On June 6, 1944, with American and Allied paratroopers positioned behind enemy lines, Allied forces waded through waist-deep waters amid hailing enemy gunfire from above to storm the beaches of Normandy, France, in an invasion called Operation Overlord. It was a joint naval, air and land assault marking the start of Allied forces’ campaign to liberate Nazi-occupied Europe. More than 6,000 Americans gave their lives that day, but their sacrifice and heroism marked the beginning of the end of World War II.

As we remember the 75th anniversary of D-Day, now is an especially important time to reflect on the sacrifices made by the Greatest Generation during World War II. The defeat of fascism in Europe and imperialism in the Pacific liberated millions of people across the globe from oppression. Those brave service members fought in the face of great adversity to defend the principles of democracy, and because of their valor and sacrifice, they set a high standard for future generations to follow.

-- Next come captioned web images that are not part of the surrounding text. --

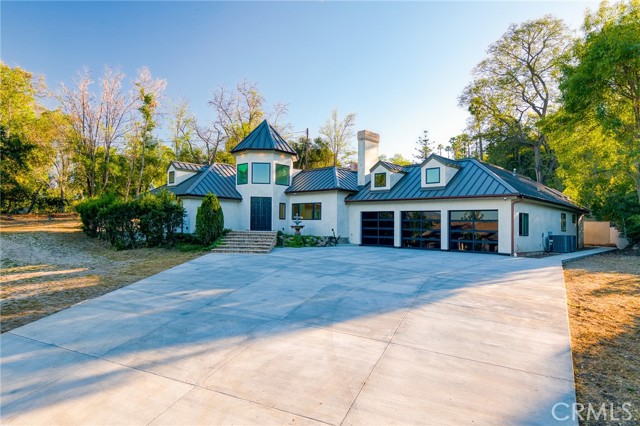 Detail Gallery Image 4 of 72 For 10533 Morada, Orange,  CA 92869 - 4 Beds | 4/1 Baths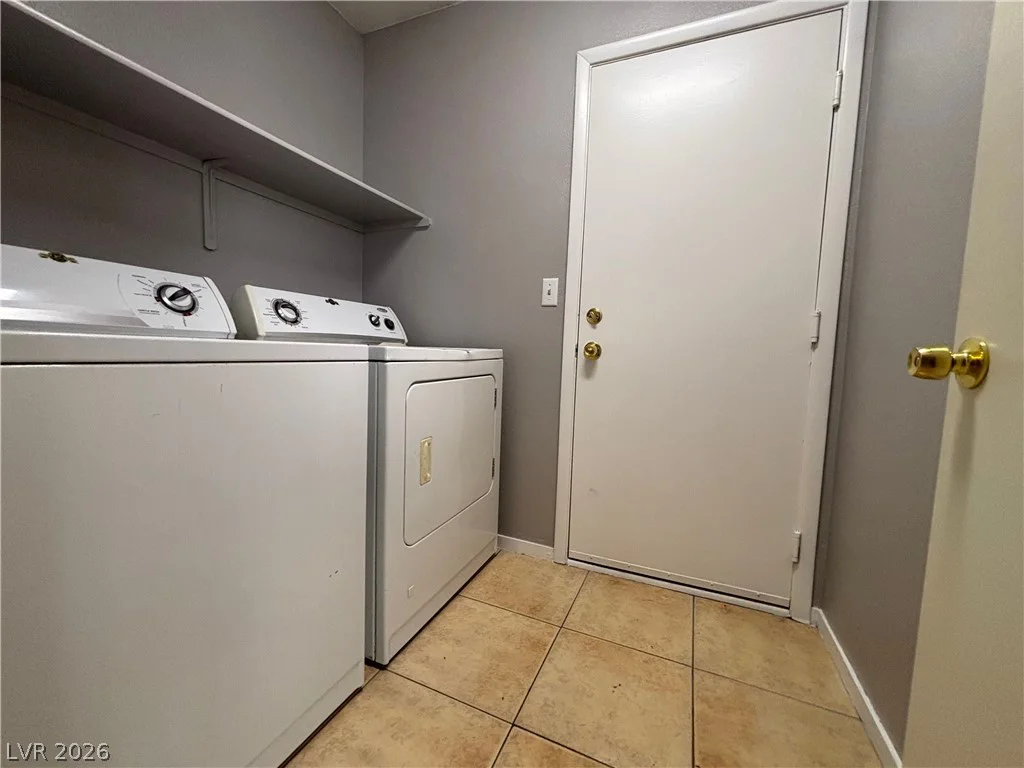 5344 Dawes, Las Vegas, NV 89110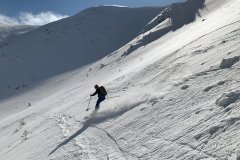 IMG_1843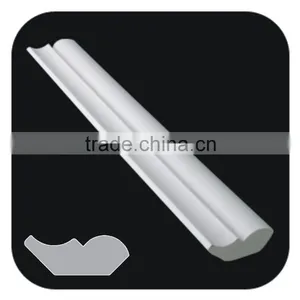 PVC Mouldings/Siding thumbnail-2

As chairman of the Senate Committee on Veterans’ Affairs, the anniversary of D-Day is personal for me, and it reminds me of the cost of freedom. I am reminded of the men and women who made the ultimate sacrifice for our country.

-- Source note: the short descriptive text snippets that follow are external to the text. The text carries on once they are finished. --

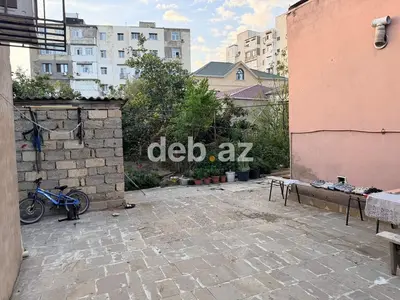 6 sot, Biznes üçün, Mülkiyyətçi, Kupça (Çıxarış) — kiçik şəkil 3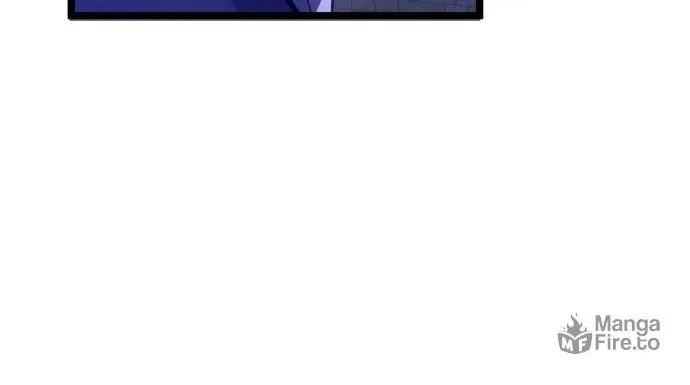Revenge of Young Master Peng Chapter 75 page 24 - 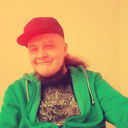  ,   , 38 ,   
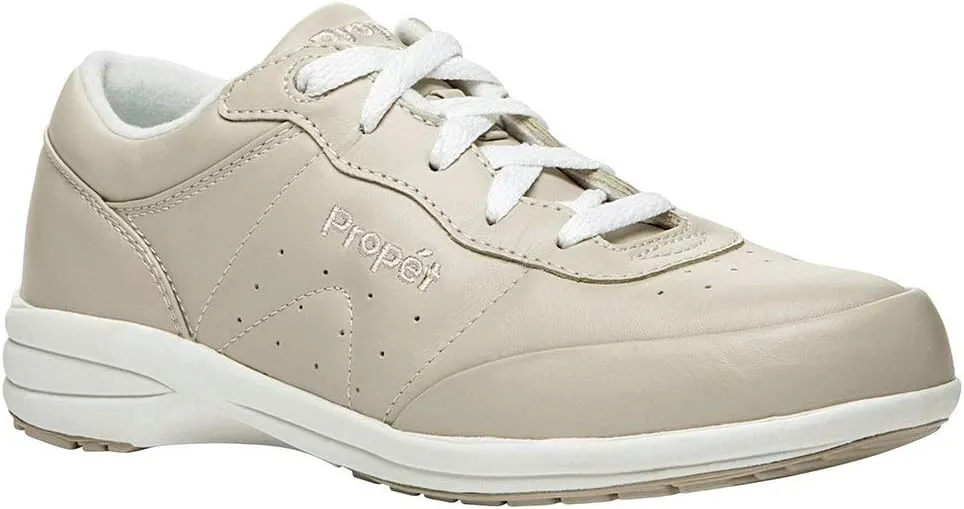 Propét Women's Washable Walker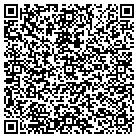 QR code with Charles C Langille Insurance contacts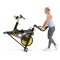 Спінбайк ProForm Tour de France CBC PFEX39420-INT
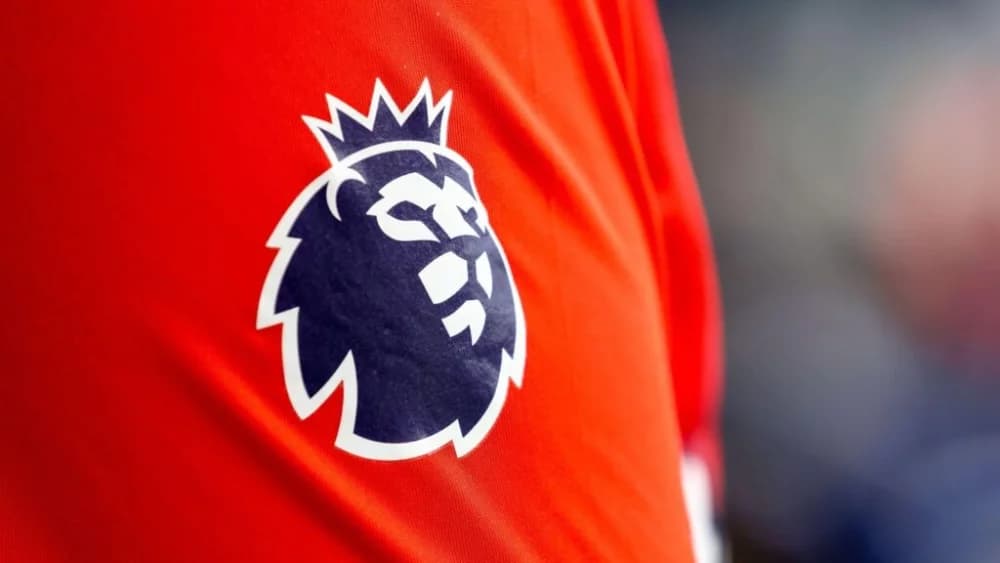 What to Expect in the Premier League's Return | Sofascore news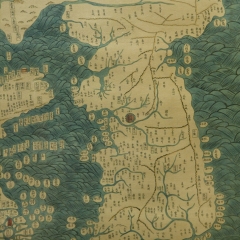 地图博物馆_8577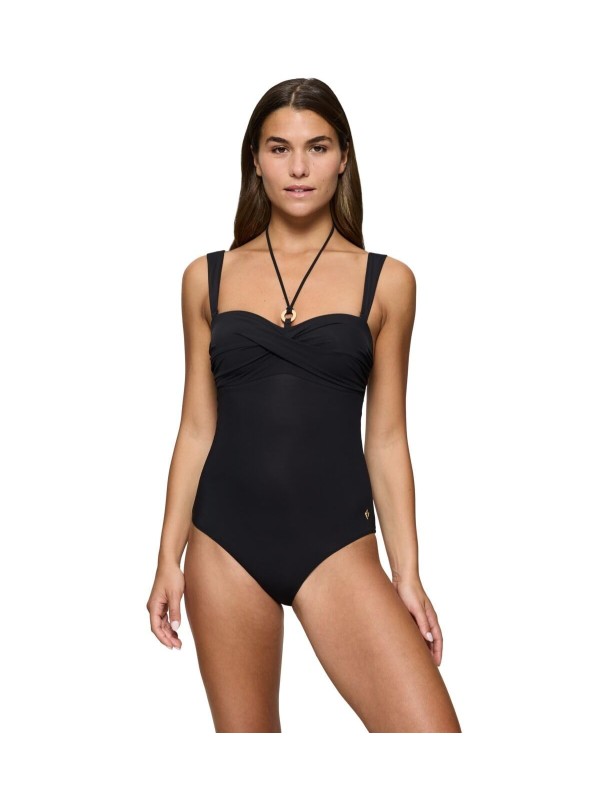 Triumph Costume intero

A few years ago, I traveled with several other members of our committee to visit the American cemeteries in both Europe and North Africa. As my wife, Dianne, and I walked through the Netherlands American Cemetery, past each grave to pay our respects to the American soldiers who lost their lives during World War II, we paused to read the inscriptions on each white cross marking the grave of a fallen soldier. What I read on one of those grave markers brought me to tears.

In simple black letters etched in the marble cross, it read, ‘Private Roy C. Irwin, New Jersey, December 28, 1944.’ It was in that moment that I realized that the day Roy C. Irwin died fighting for America in the Battle of the Bulge was the same day I was born. Roy C. Irwin sacrificed his life for the freedom I have enjoyed and cherished for 74 years.

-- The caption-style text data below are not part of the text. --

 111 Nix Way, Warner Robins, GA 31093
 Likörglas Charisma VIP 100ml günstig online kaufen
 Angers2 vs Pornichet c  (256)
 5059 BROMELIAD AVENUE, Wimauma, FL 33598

As we observe the 75th anniversary of D-Day, I have the privilege of leading a bipartisan Senate delegation to Normandy, France, where we will honor our Greatest Generation — the heroes who fought, and for many, who paid the ultimate price. America is great today because of their sacrifice. That is what the ultimate sacrifice is all about.

Almost 75 years since the end of World War II, Americans are still willing to pay the ultimate price for our freedom. More than 2 million men and women have followed in the footsteps of our World War II veterans and signed up to join today’s all-volunteer force, despite the fact that we live in a world of unknown and dangerous threats. Without the selfless devotion of our armed forces, we would not be living in the greatest country on the face of this Earth.

I encourage everyone to join me on this milestone occasion in reflecting on the sacrifice of our U.S. service members in World War II. We honor and mourn those who paid the ultimate price to protect our freedoms.

May God bless our fallen service men and women, and may God bless the United States of America.

U.S. Senator Johnny Isakson, R-Ga., is chairman of the Senate Committee on Veterans’ Affairs in the 116th Congress. Isakson is a veteran himself — having served in the Georgia Air National Guard from 1966-1972 — and has been a member of the Senate Committee on Veterans’ Affairs since he joined the Senate in 2005. Isakson’s home state of Georgia is home to more than a dozen military installations representing each branch of the armed services as well as nearly 700,000 veterans.